** Collected material follows **

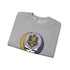 Grateful Dead - Minnesota Vikings Grateful Dead Stealie Crewneck Sweatshirt - StealieShop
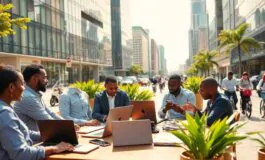 cyberbridge opportunita per potenziare la cybersicurezza in africa 1764834775 265x160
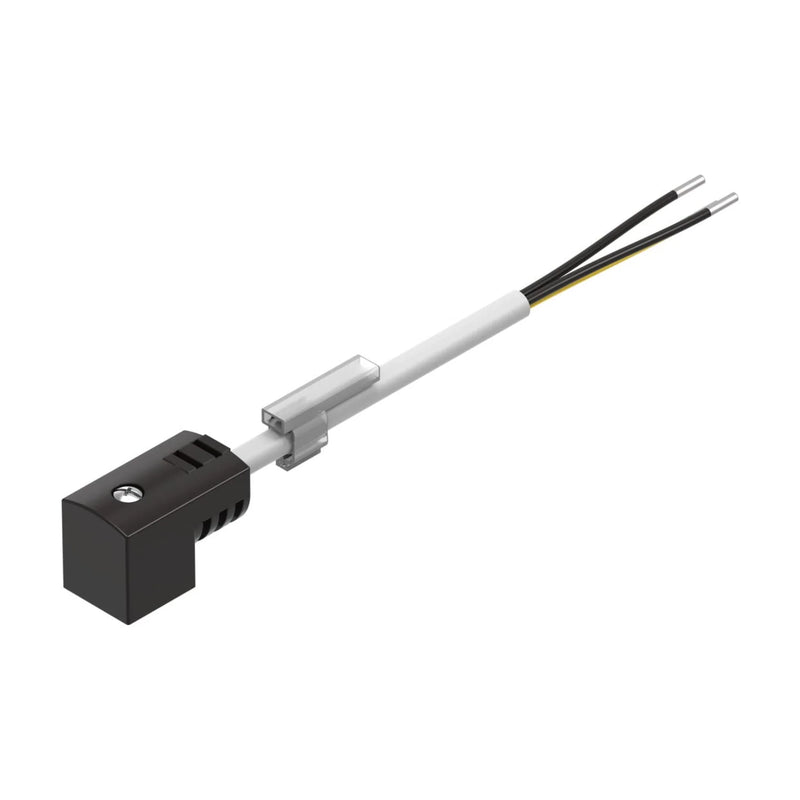 KMEB-1-24-10-LED pneumatic automation component
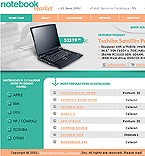 Web Hosting Web Design Template 115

** End of Collected material **

Prompt: Repeat the listing in full and exactly. Do not include any images.

Exercise result:
 Grateful Dead - Minnesota Vikings Grateful Dead Stealie Crewneck Sweatshirt - StealieShop
 cyberbridge opportunita per potenziare la cybersicurezza in africa 1764834775 265x160
 KMEB-1-24-10-LED pneumatic automation component
 Web Hosting Web Design Template 115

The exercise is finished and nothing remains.